> Dataset content
++++++++
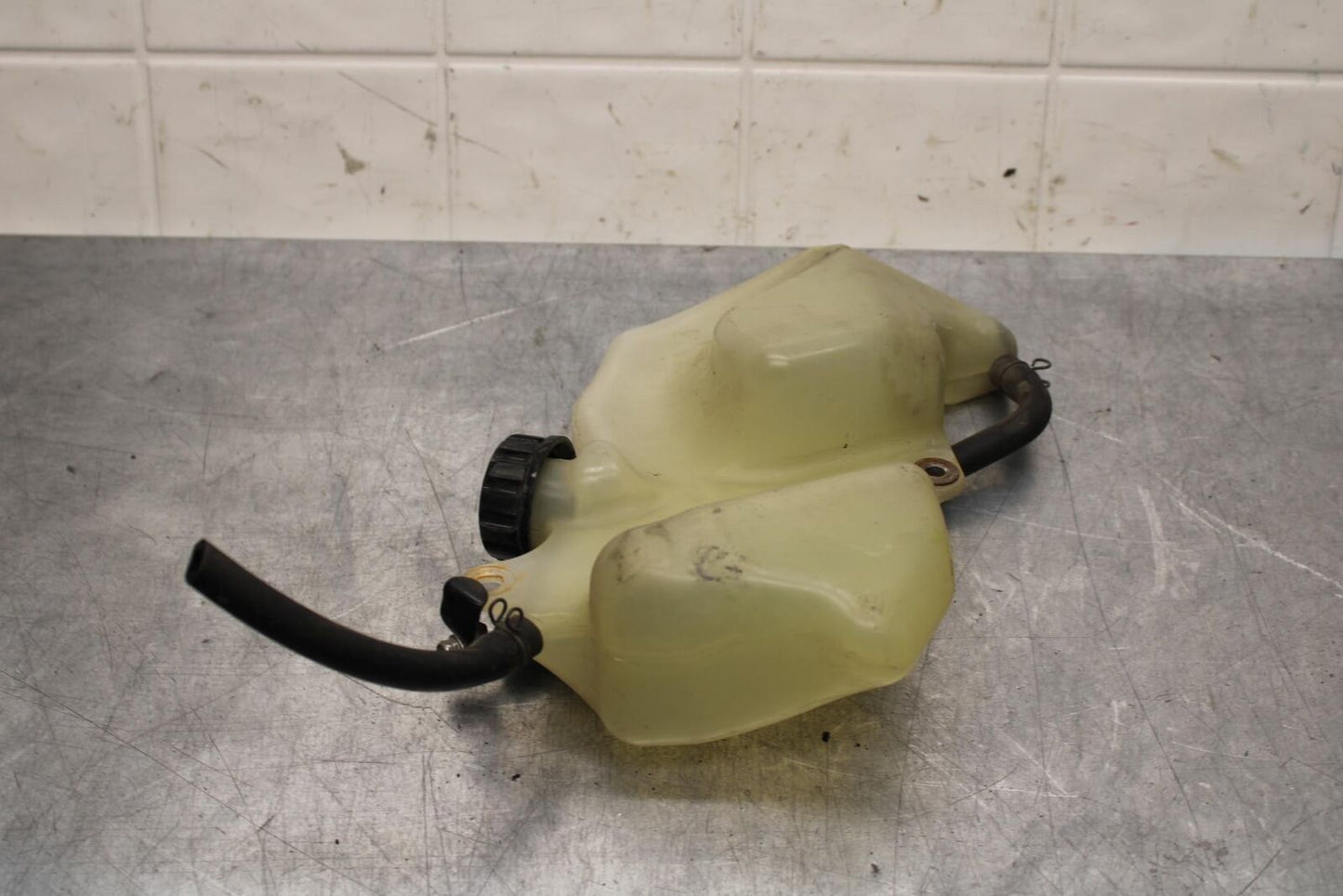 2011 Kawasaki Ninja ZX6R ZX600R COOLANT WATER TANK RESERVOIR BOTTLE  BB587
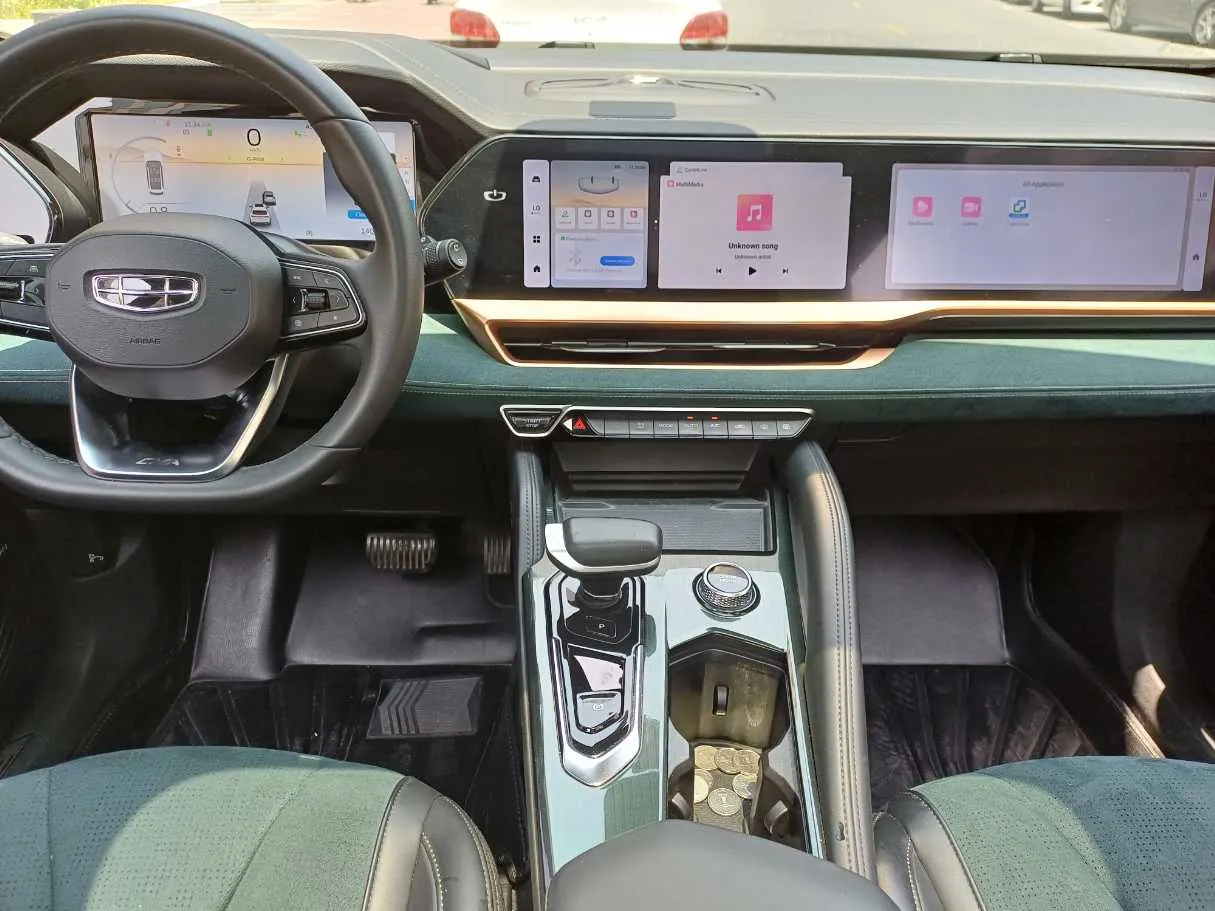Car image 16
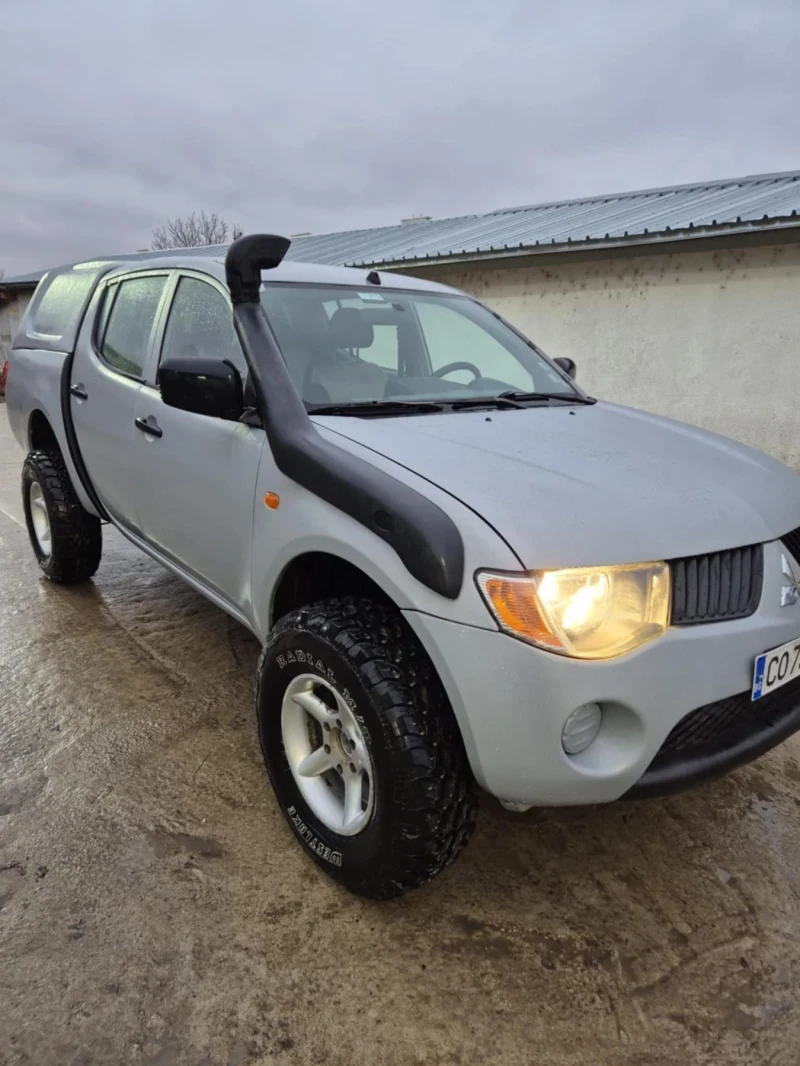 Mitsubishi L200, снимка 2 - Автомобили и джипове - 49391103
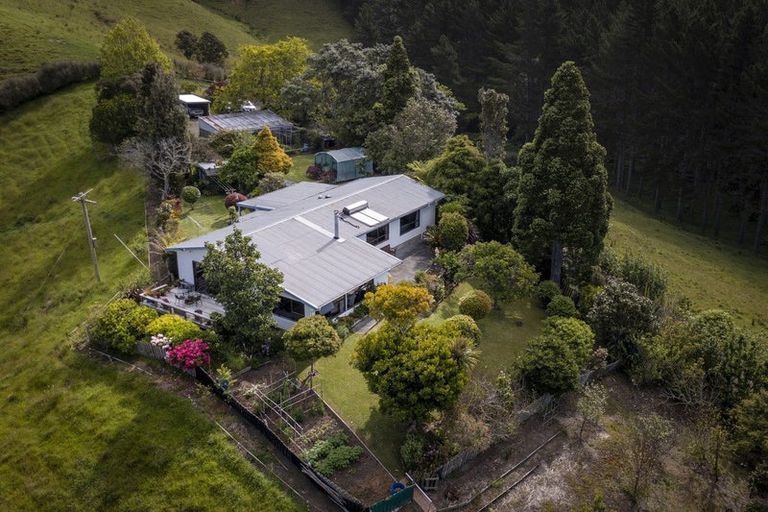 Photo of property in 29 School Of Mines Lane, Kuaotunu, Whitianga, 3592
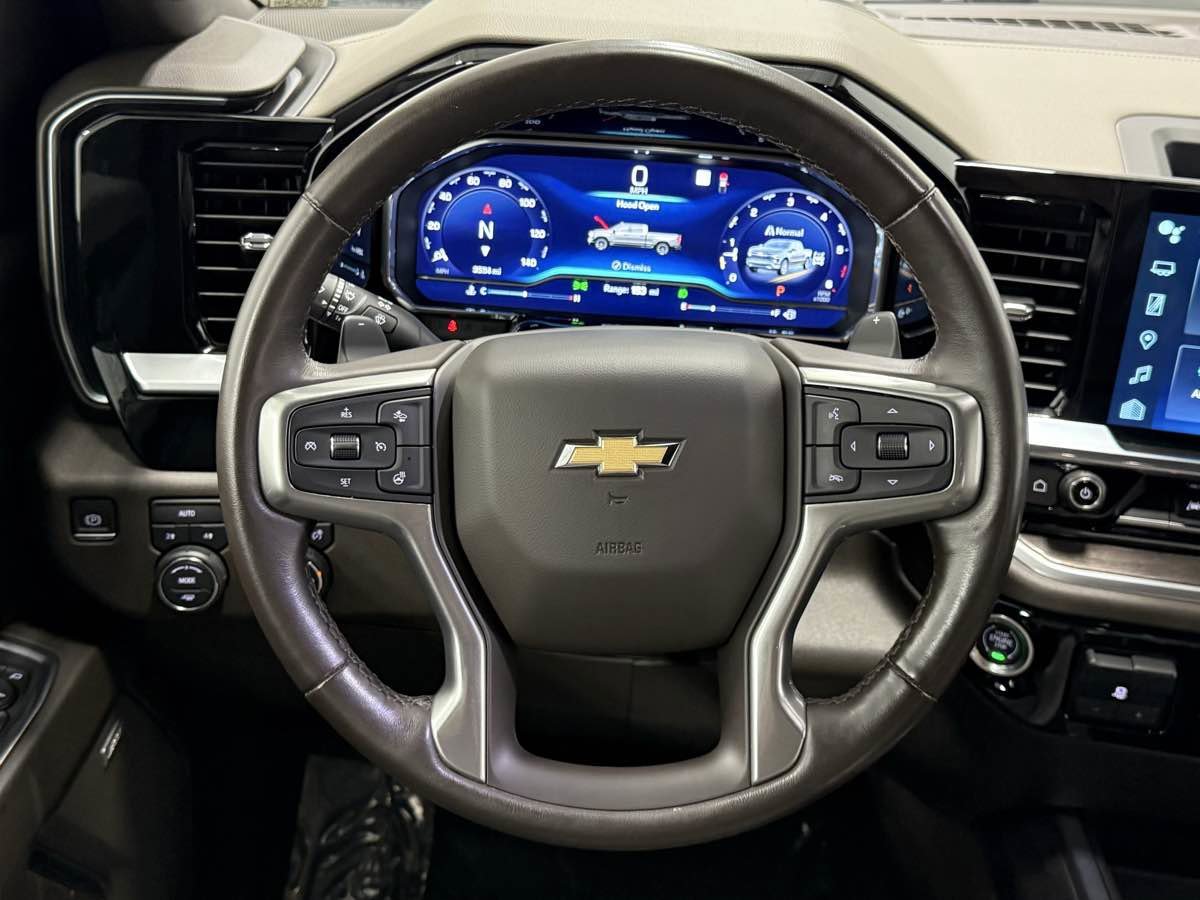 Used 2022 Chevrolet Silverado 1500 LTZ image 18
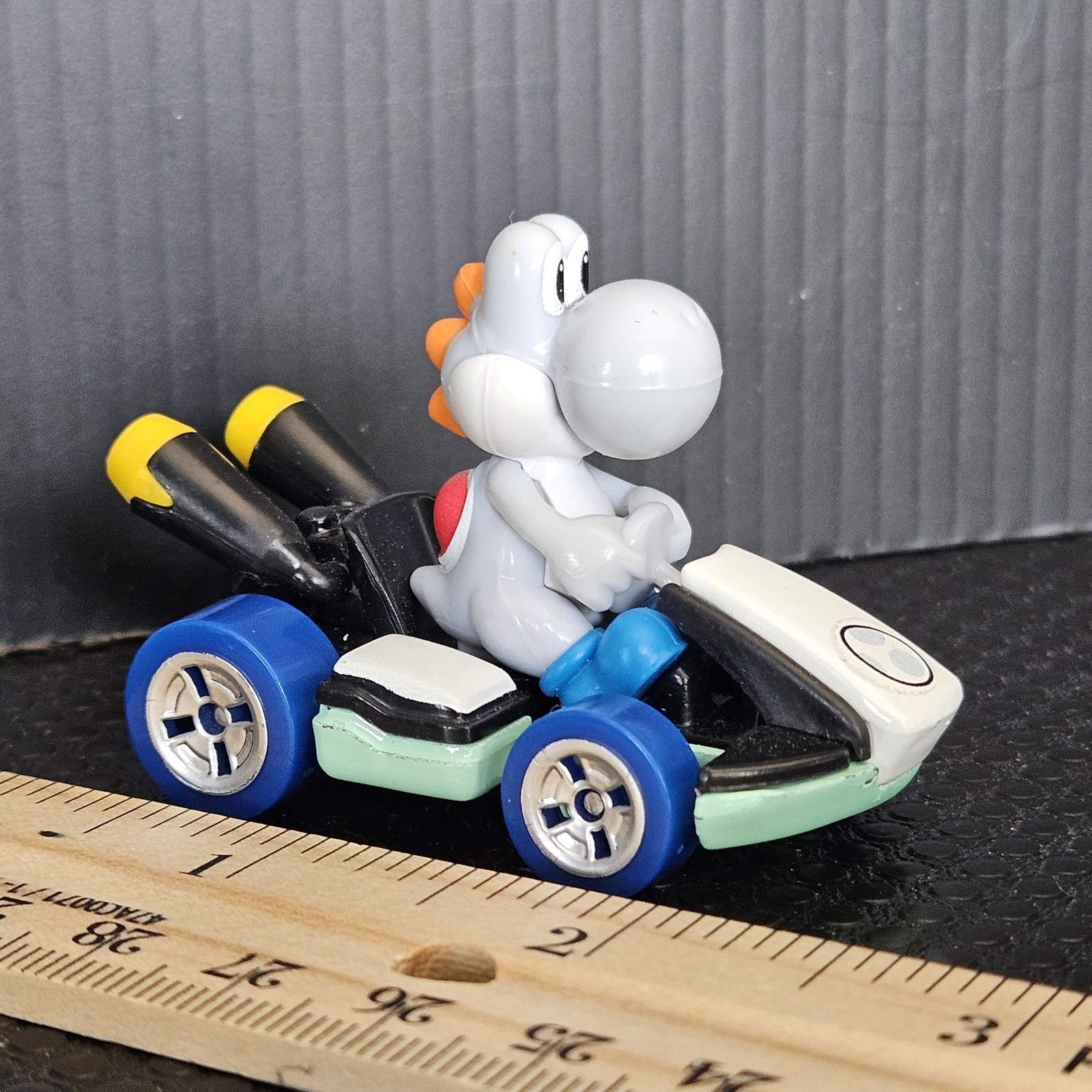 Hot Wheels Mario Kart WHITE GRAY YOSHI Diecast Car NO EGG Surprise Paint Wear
++++++++
Nothing in the records should be changed in the copy, but the pictures must be left out.

 2011 Kawasaki Ninja ZX6R ZX600R COOLANT WATER TANK RESERVOIR BOTTLE  BB587
Car image 16
 Mitsubishi L200, снимка 2 - Автомобили и джипове - 49391103
 Photo of property in 29 School Of Mines Lane, Kuaotunu, Whitianga, 3592
 Used 2022 Chevrolet Silverado 1500 LTZ image 18
 Hot Wheels Mario Kart WHITE GRAY YOSHI Diecast Car NO EGG Surprise Paint Wear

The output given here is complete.